I have shaken the entire colony through an excluder shaker box as Mike Palmer suggests and it works but I think it more disruptive and does not do as good job of demographically sorting the bees. Snelgrove has some good theory about what the motivation signals are to swarm and what age groups constitute the swarm as well as that of the bees left behind. If it is instinctual for the bees you can make it work; if it is contrary to what they want to do "they gonna fight you!" They dont seem to resist the taranov manouever.


----------



## DirtyLittleSecret (Sep 10, 2014)

Cushman also has a good write up: 
http://www.dave-cushman.net/bee/taranovswm.html


----------



## Adrian Quiney WI (Sep 14, 2007)

Are you able to assess, from your experience, what proportion of the colony is dedicated to foraging from this method at the time you perform the maneuver? In other words are there as many bees flying back to the colony as there are on the taranov board? Just curious, and thanks for posting this.


----------



## VickyLynn (Jun 20, 2011)

I have watched this being done, and it is amazing. Those little bees just march right up the ramp and down into an empty deep (with frames) as if they knew their way home. You can see where the queen is on the white sheet that's on the ramp - she is in the middle of this moving mass as it makes its way up. Meanwhile, the air is full of flying bees (none aggressive) who are flying back to the original hive where they came from, just a few feet away.


----------



## crofter (May 5, 2011)

Adrian Quiney WI said:


> Are you able to assess, from your experience, what proportion of the colony is dedicated to foraging from this method at the time you perform the maneuver? In other words are there as many bees flying back to the colony as there are on the taranov board? Just curious, and thanks for posting this.


Adrian;

I dont know what percentage of foragers stay with the bees forming the swarm. There seems to be lots of bees left in the original hive to keep on trucking. There are not many foragers flying from the new hive for about 3 days, probably till they get promoted and orient so I feed for a while till I start to see lots of traffic in and out. You have choices about how you divvy up the open and capped brood with the old hive or take it with the new.


----------



## Ddawg (Feb 17, 2012)

I Like it! A new (to me) tool to put in the Ole BeeKeeping Toolbox..


----------



## enjambres (Jun 30, 2013)

Frank,

Thank you for posting this - it is absolutely fascinating. You are very brave to try this on purpose. I had had the (incorrect) impression that the Taranov method was a sort of rescue technique in certain circumstances. But your explanation makes sense, and I can see how you can combine it with using Snelgrove boards. 

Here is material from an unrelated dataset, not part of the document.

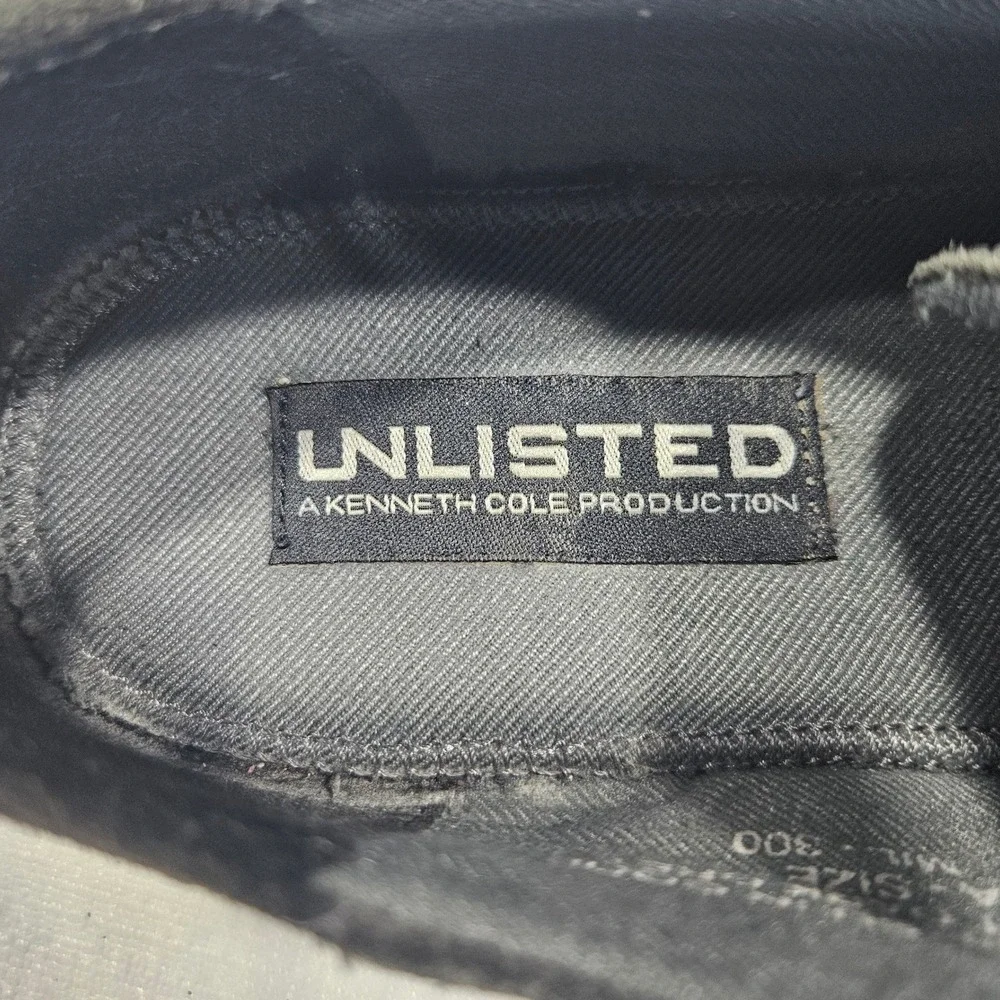 Unlisted Kenneth Cole‎ Production Men's Dark Grey Suede Dress Shoes Size 11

I've been doing Snelboarding the old fashioned way of choosing and moving frames with bees myself, but I can see this allows the bees to sort themselves out even more effectively. So it kind amplifies the benefits of the Snelgrove boards' pre-existing bee-centric flexibility. And it would be particularly useful when you haven't got a marked, or easy-to-find, queen. 

I like it a lot and I think I will try it on at least one of my colonies this summer. I'm putting Taranov on my 2016 To-Do list

Thanks for your help!

Enj.


----------



## shannonswyatt (May 7, 2012)

I've split doing something like this. I just put some frames of brood in a nuc and shake a bunch of frames in front of the nuc sitting on the ground. Works well since the older bees fly straight home.


----------



## scallawa (Jul 6, 2013)

crofter said:


> He also used a hive body as the target and had the bees go right into it. I will have to try this as it would simplify things a bit.


Just trying to understand the statement here. Do you mean that he shook the bees out into an empty hive and so the older ones returned to the original while the younger and the queen stayed in the new empty hive? Or do you mean the ramp led to a different empty hive?


----------



## VickyLynn (Jun 20, 2011)

I've seen this demonstrated at a Massachusetts bee meeting. The first picture shows the the ramp set up with the deep box in position behind the top of the ramp where all the bees will drop into. The beekeeper is shaking each of the 20 frames of bees onto the sheet. The flying bees go back to the original hive. The nurse bees and the queen begin marching up the ramp. The second picture shows them towards the top of the ramp and on their way in.


----------



## deknow (Jul 17, 2006)

I think this is a neat manipulation, but I'm not sure I'd bother.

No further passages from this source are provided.